By early afternoon in Europe, benchmark crude for June delivery was down $1.86 to $68.28 a barrel in electronic trading on the New York Mercantile Exchange. The July contract lost $1.68 to settle at $70.80 a barrel Thursday.
Crude has fallen about 20 percent so far this month after touching an 18-month high of $87.15 on May 3 as investor confidence tumbled amid fears deep government spending cuts in Greece, Spain, Italy and Portugal to stave off a debt default will hurt European economic growth.
"There are clearly fears that the announced fiscal consolidation measures could sharply curb economic growth and oil demand in Europe," Commerzbank said in a report.
Oil had plunged to $32 a barrel in December 2008 from $147 five months earlier as a US financial crisis plunged the global economy into recession.

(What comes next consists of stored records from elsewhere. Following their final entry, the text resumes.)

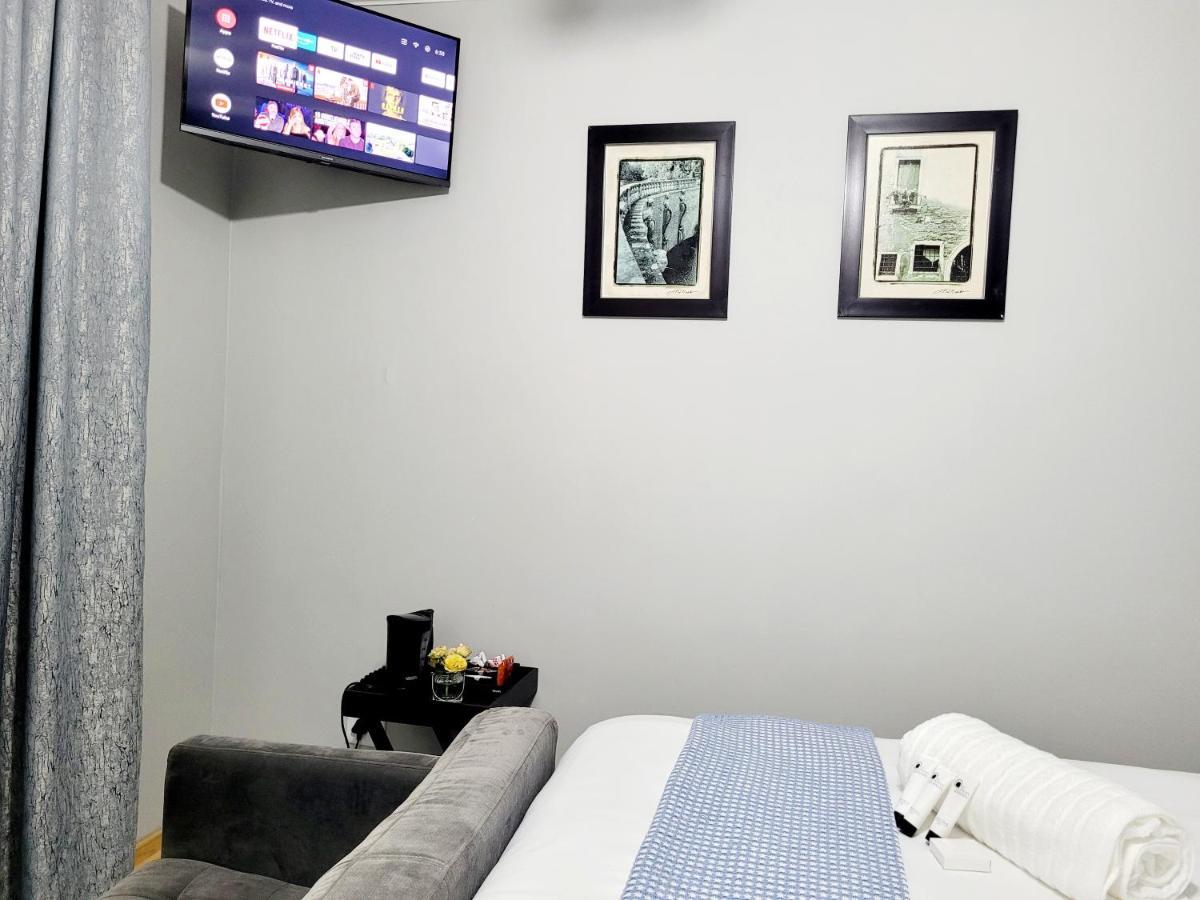 Ayana Bnb Bloemfontein Extérieur photo
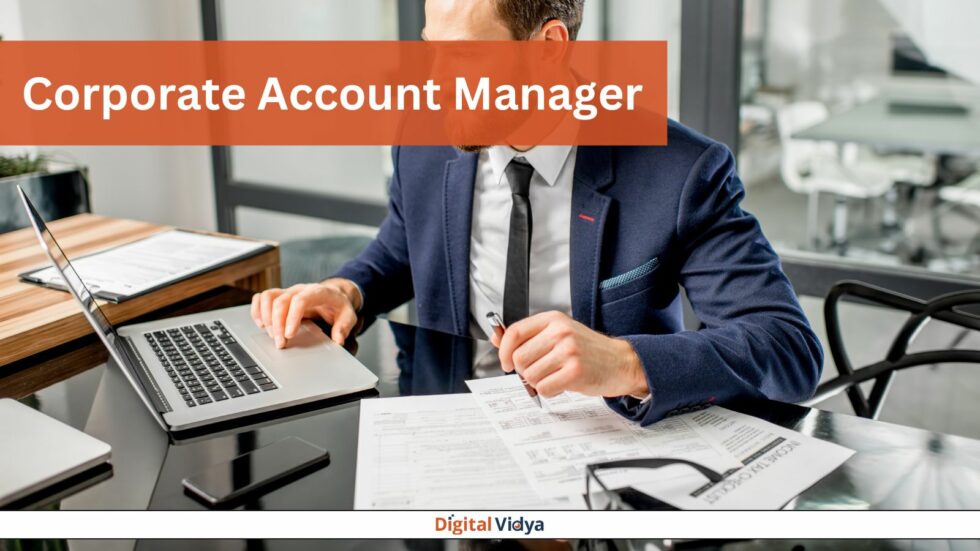 Corporate-Account-Manager Corporate account manager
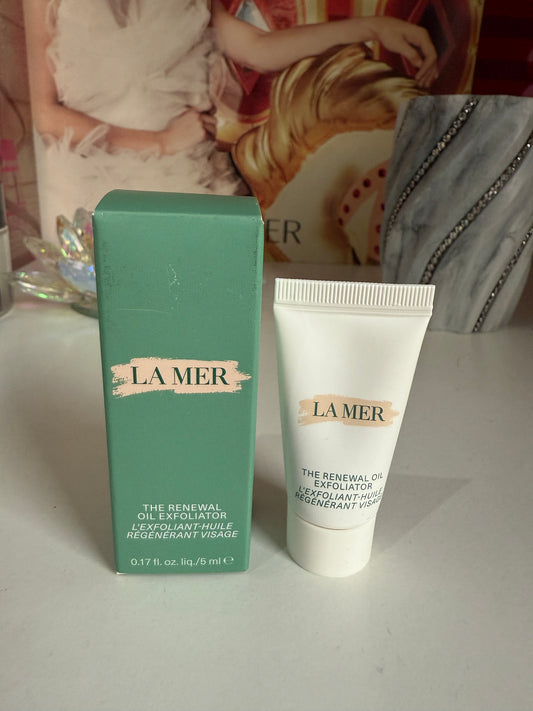 Exfoliante La Mer 5ml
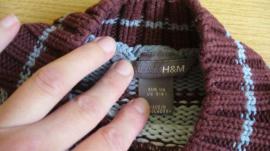 H&m svetrík (4/4)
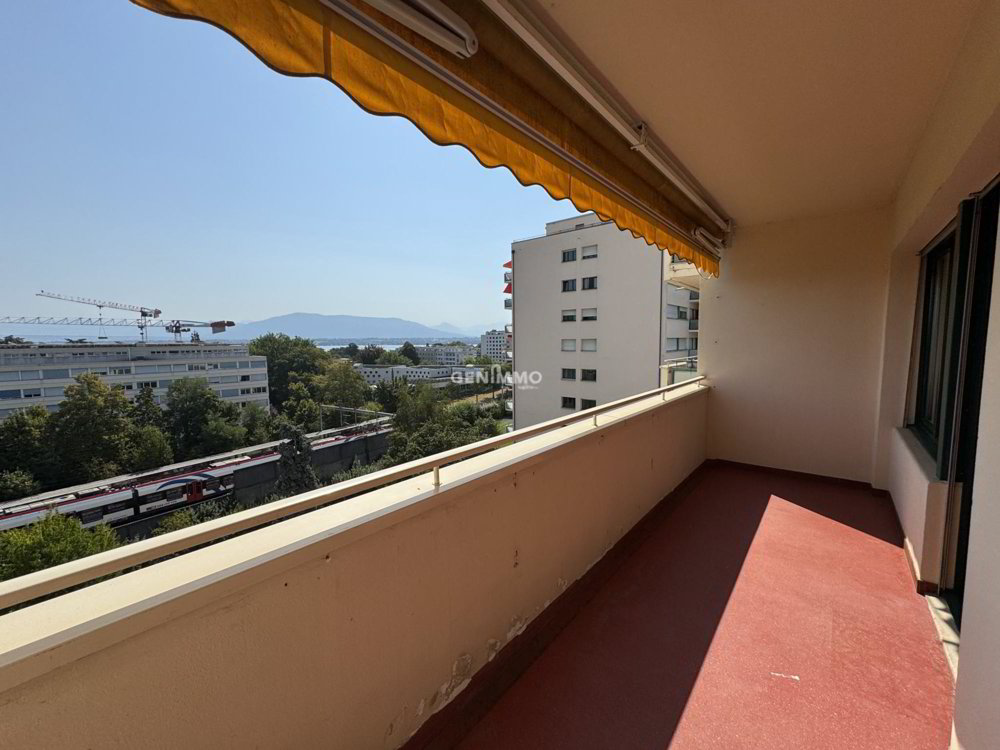 Appartement 6 pièces à acheter à Versoix - image 1/9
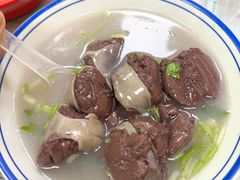 -卢聪艺小吃店(阳翟总店)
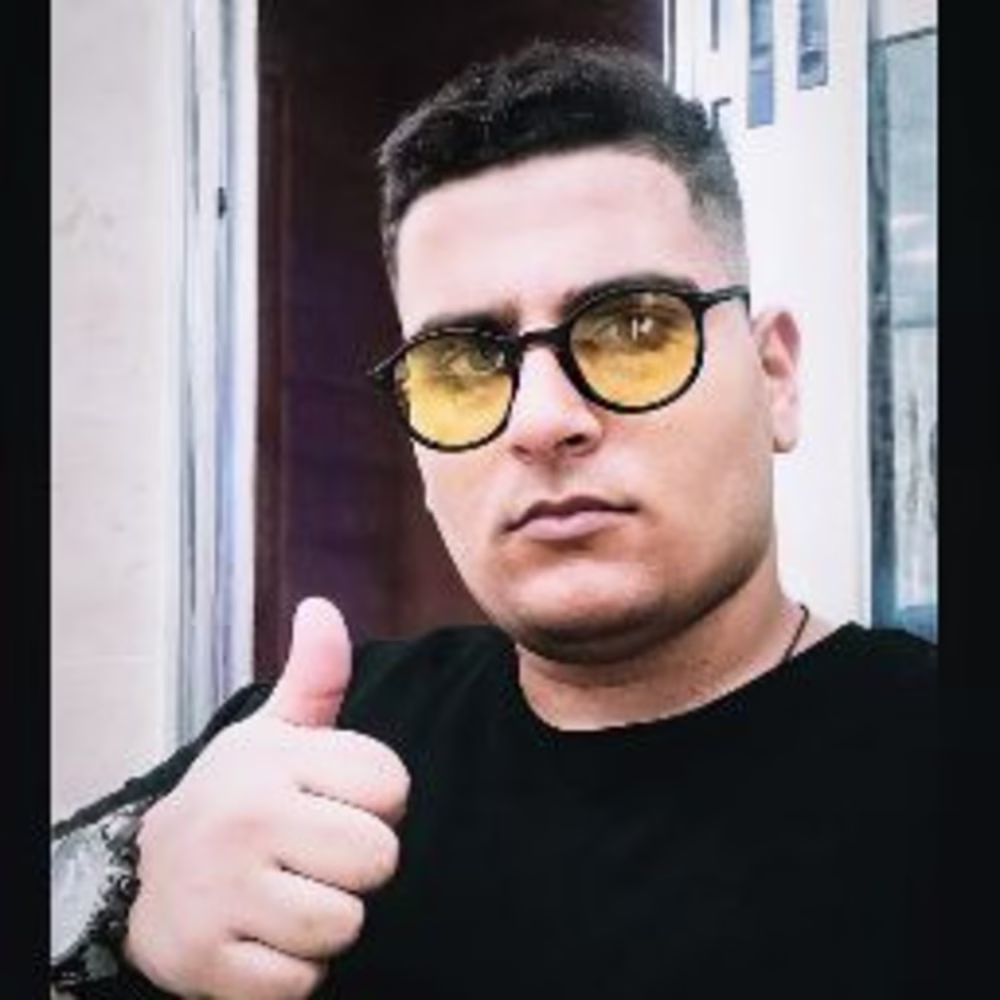 Raed Okal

"The euro-zone's problems are a painful reminder that the global financial crisis has only been partly resolved by transferring it from the banking sector to the public finances," Capital Economics said in a report.
"It would be wrong to assume that commodity prices will recover to their immediate pre-crisis levels as if nothing had happened in the meantime." Capital Economics said it expects crude prices to fall to $60 a barrel at the end of the year.
In other Nymex trading in June contracts, heating oil fell 0.60 cent to $1.8959 a gallon, and gasoline dropped 0.90 cent to $1.9555 a gallon. Natural gas slid 1.4 cents to $4.092 per 1,000 cubic feet.
In London, the Brent crude July contact was down 35 cents to $71.49 on the ICE futures exchange.